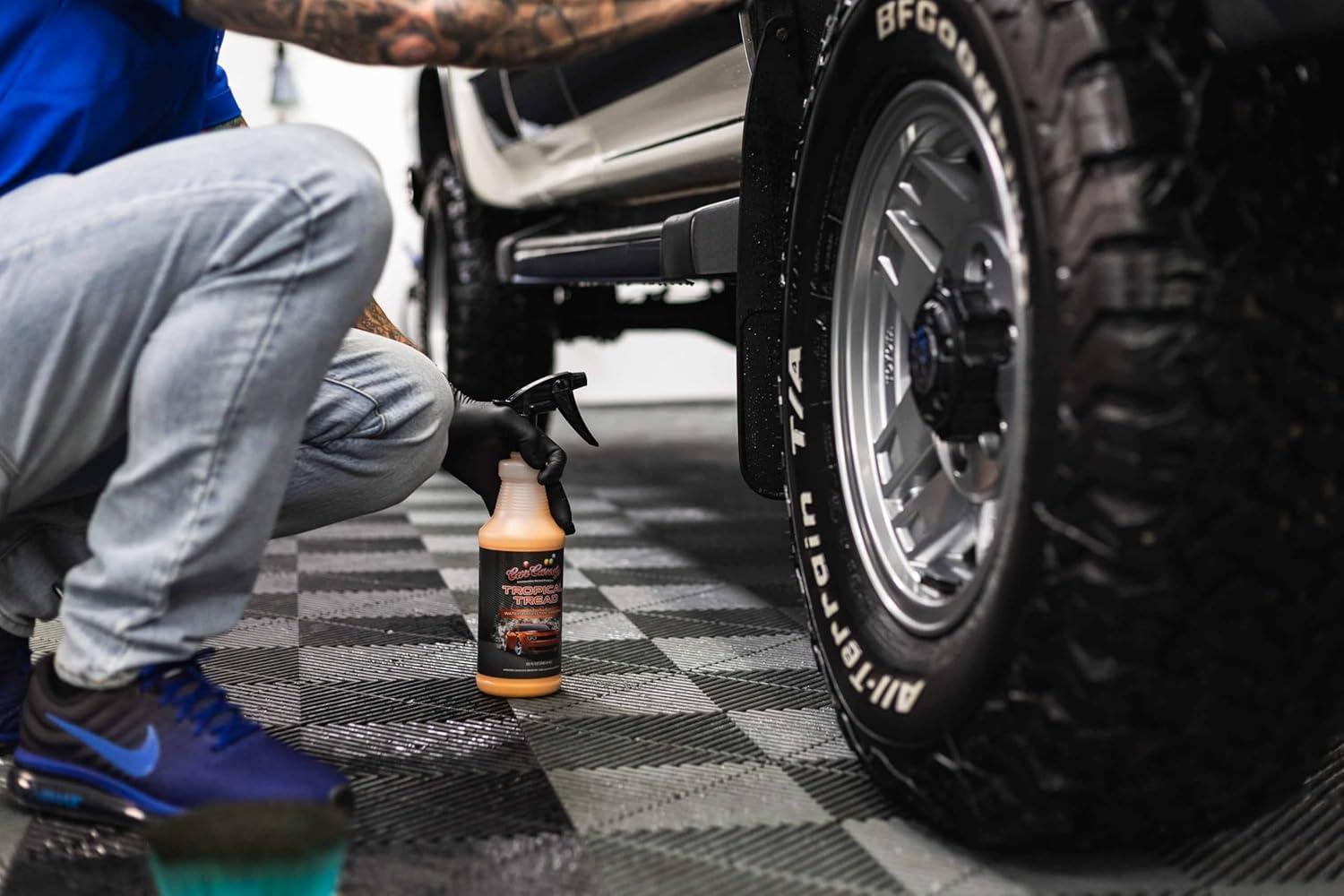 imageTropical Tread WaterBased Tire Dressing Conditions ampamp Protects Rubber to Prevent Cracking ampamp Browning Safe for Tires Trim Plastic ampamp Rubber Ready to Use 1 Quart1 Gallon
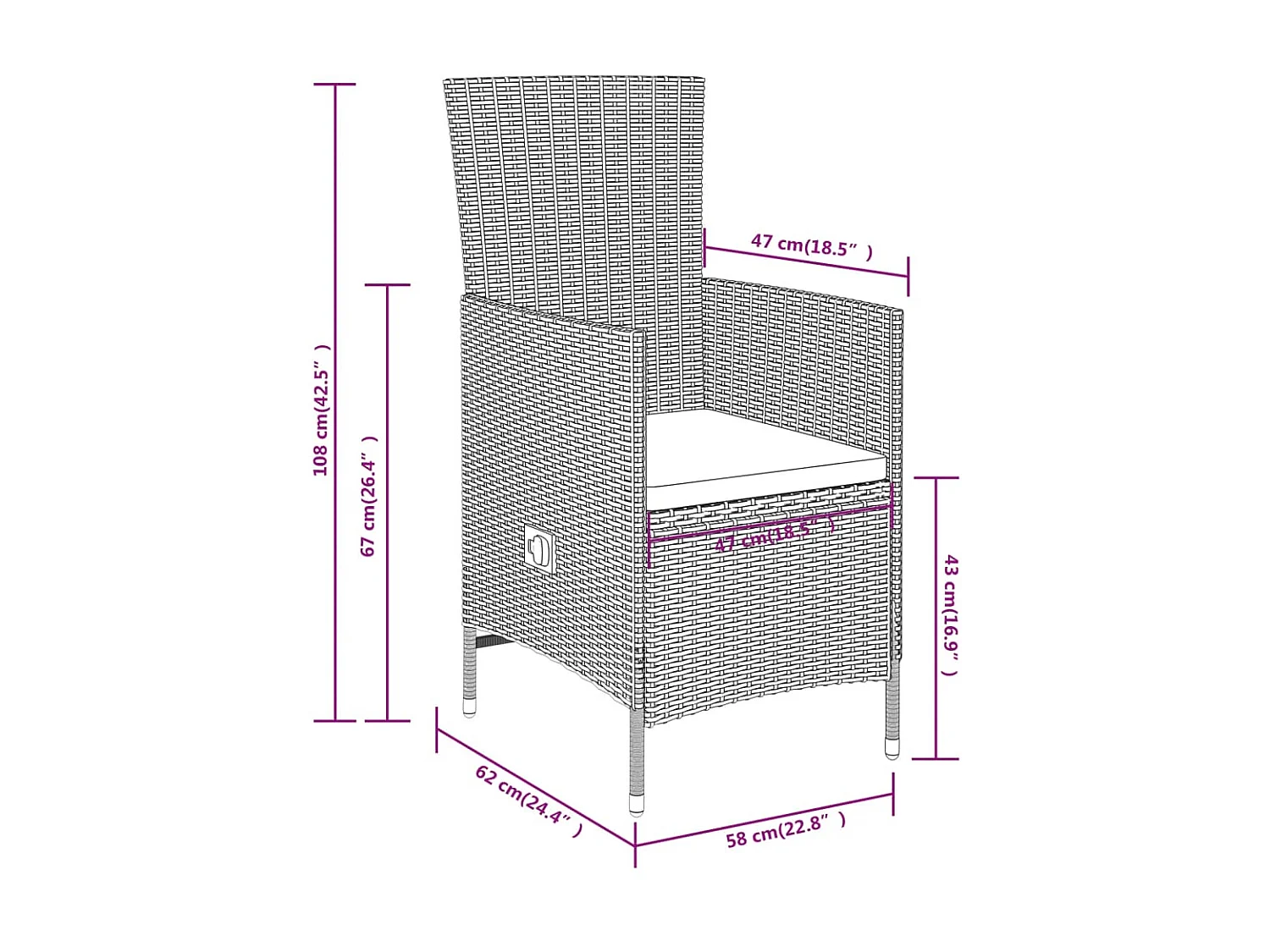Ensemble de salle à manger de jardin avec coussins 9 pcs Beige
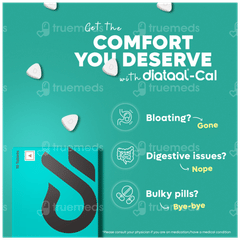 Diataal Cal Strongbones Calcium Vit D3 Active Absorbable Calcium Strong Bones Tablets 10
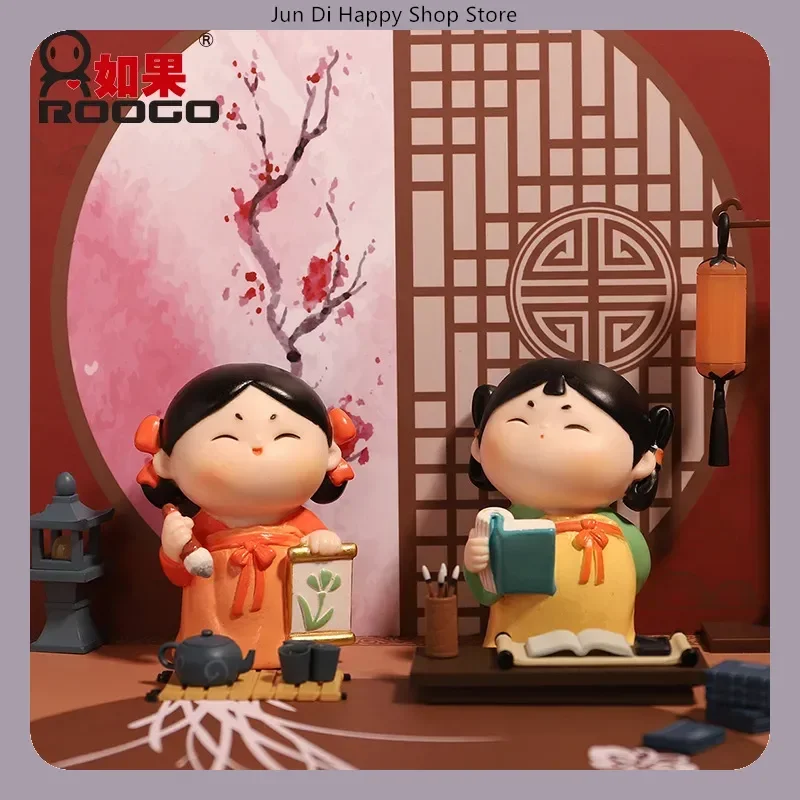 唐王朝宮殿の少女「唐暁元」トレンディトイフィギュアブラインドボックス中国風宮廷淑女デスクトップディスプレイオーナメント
◇ ◇ ◇ ◇ ◇ ◇ ◇
Problem statement
Transcribe every line from the one containing "Ensemble de salle" to the end of the listing, exactly and exclusively. Do not carry any picture over.

Solution to this exercise
Ensemble de salle à manger de jardin avec coussins 9 pcs Beige
 Diataal Cal Strongbones Calcium Vit D3 Active Absorbable Calcium Strong Bones Tablets 10
 唐王朝宮殿の少女「唐暁元」トレンディトイフィギュアブラインドボックス中国風宮廷淑女デスクトップディスプレイオーナメント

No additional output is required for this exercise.